It's this willful obtuseness, this refusal to acknowledge reality in the form of the Right Wing of the Republican Party, which is in effect the only wing of the Republican Party on the national level, that drives us "crazies" on the left side of the bandwidth crazy about the Media elites.
Rothenberg also writes, "Lamont’s victory, however, would not be without its downside for Democrats, since it would only embolden the crazies in the party..."
As far as a Lieberman defeat emboldening the crazies (to do what exactly?) goes: Anyone who thinks that Lieberman is being driven into a corner and, with luck, out of the United States Senate, by McGovernite crazies of the lefty blososphere is someone who is covering the Connectictut Senate race via Google.
Hartford isn't that far from Washington, folks. Make the drive.
And the people who are going to be most emboldened are rank and file Democrats who will see that the Bush League lock on the country isn't unbreakable. A Lieberman defeat, particularly if he comes to his senses and gives up the idea of an embarrassing run as an independent, could be the earliest sign of just how if the Democrats are going to win back a majority in one or both houses of Congress they're going to do it.

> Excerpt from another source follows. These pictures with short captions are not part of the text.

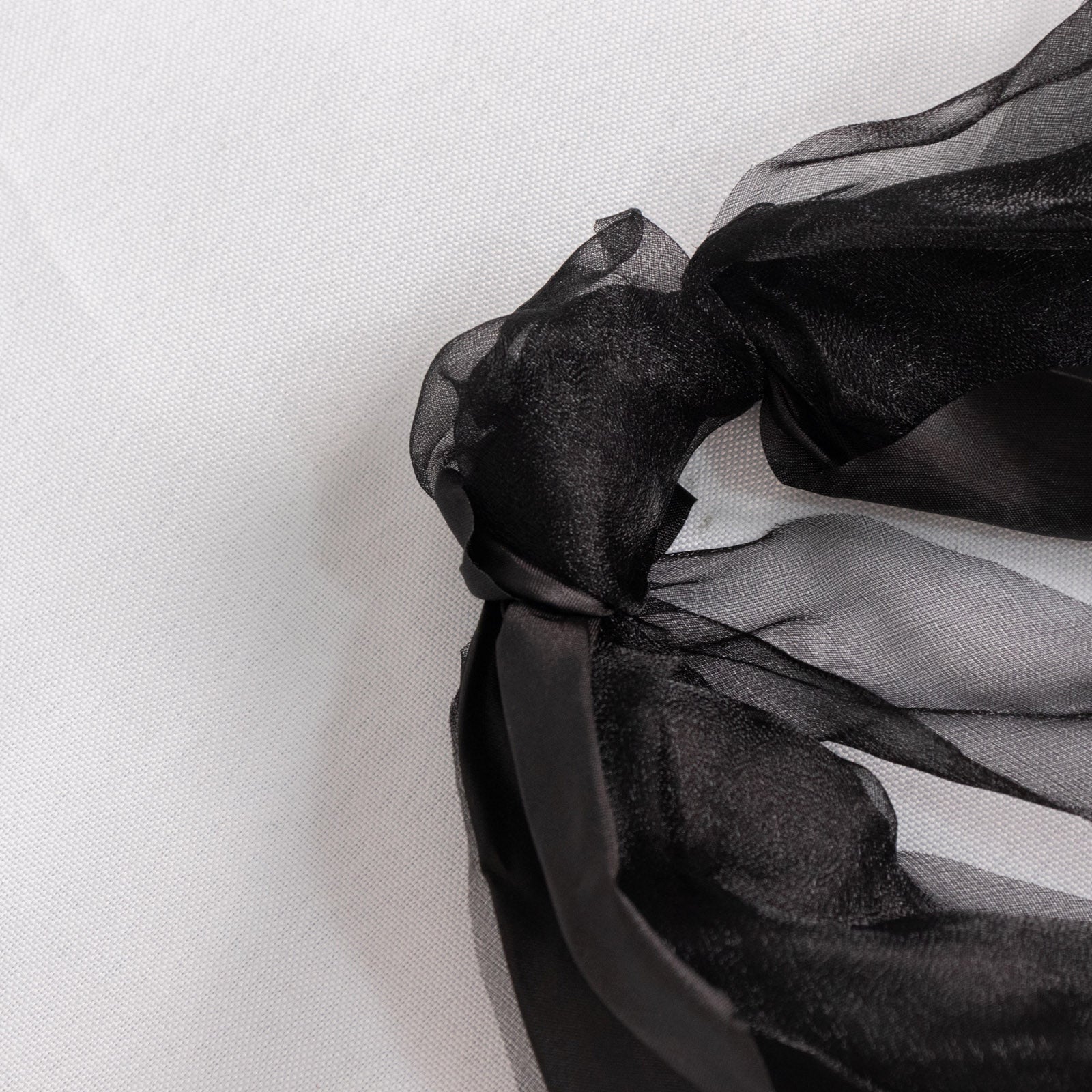 Black chiffon satin chair sashes in a 5 pack.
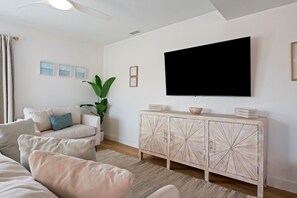 Een woonkamer met een bank, een plant, een kast en een televisie.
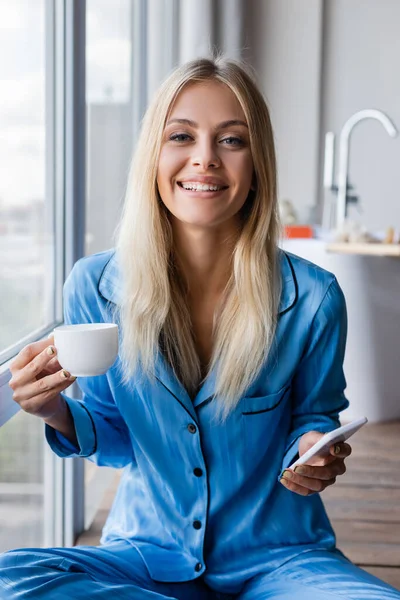 Feliz Joven Mujer Sosteniendo Teléfono Celular Taza Café Cerca Ventana — Foto de Stock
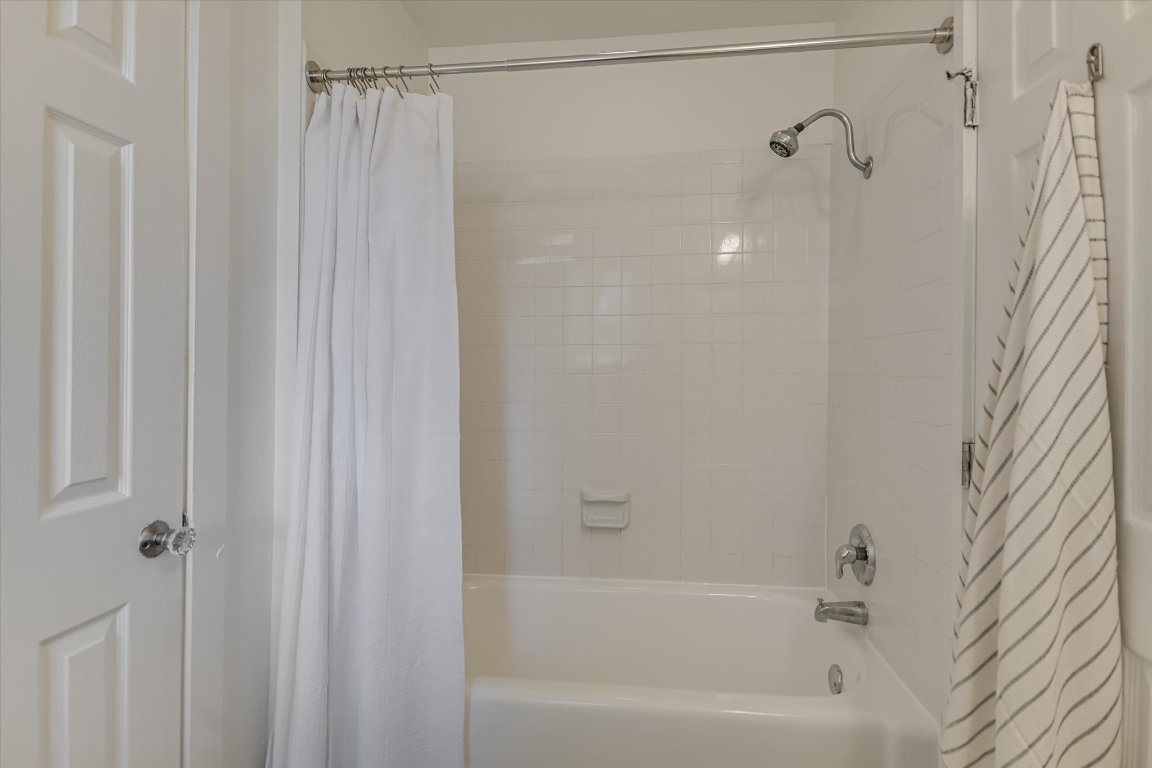 1110 West 22nd Street, Unit 16 Austin, TX 78705 - Photo 15 of 21 a bathroom with a shower and a bath tub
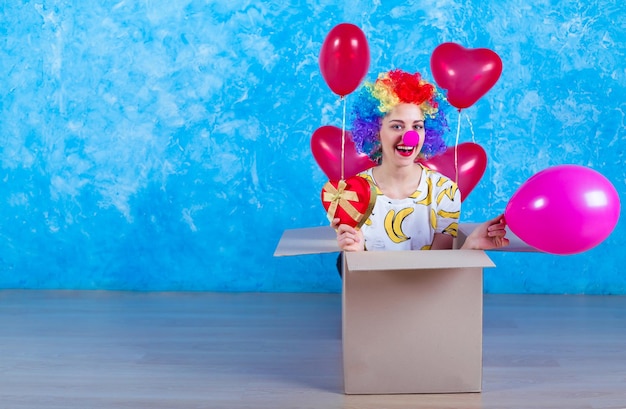 Koncepcja Dnia Głupców 1 kwietnia Zabawna śmiejąca się dziewczyna klaun siedzi w kartonowym pudełku z balonami heliowymi i białą tablicą w ręku prezent urodzinowy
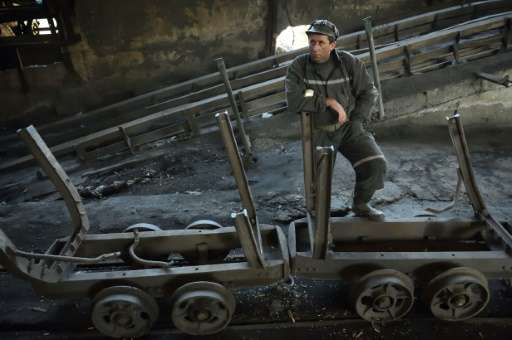 A miner next to mining carriages as he waits for the last shift at the coal mine in the Romanian city of Petrila, on October 30,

By a lot of Northeasterners, Midwesterners, and Westerners giving up the idea that bipartisanship isn't what the Republicans have turned it into and voting out of office supposed moderates who haven't done anything to moderate the Right Wing policies of George W. Bush and company.
There's no way to read that paragraph about bipartisanship by Rothenberg without wondering if Rothenberg, a self-proclaimed "non-partistan" analyst, thinks that the best outcome for the country in the fall is for a continued and unrestrained Republican majority aided and abetted by Joe Lieberman with the rest of the Democrats finally shutting up and learning their place, which is, as Lieberman demonstrates for them everyday, on their hands and knees somewhere down on the floor a tongue's length distance from George W. Bush's cowboy boots.
Hat tips to Tom Tomorrow, Carolyn Kay and Atrios, who wonders who are the real "crazies.'.
Cross-posted at the American Street.
Having grown up in Hartford/suburbs, I'm following this race with interest.
Lieberman needs to be tossed out on his ass - hopefully with such force that even he will see the futility in an independent run.
Good riddance.
Posted by: Kevin Wolf | Friday, August 04, 2006 at 11:23 AM
Loved this clear-thought rant. I only wish we were doing to Senator Dianne Feinstein in California what the good folks on the East Coast are doing to Mr. Lieberman.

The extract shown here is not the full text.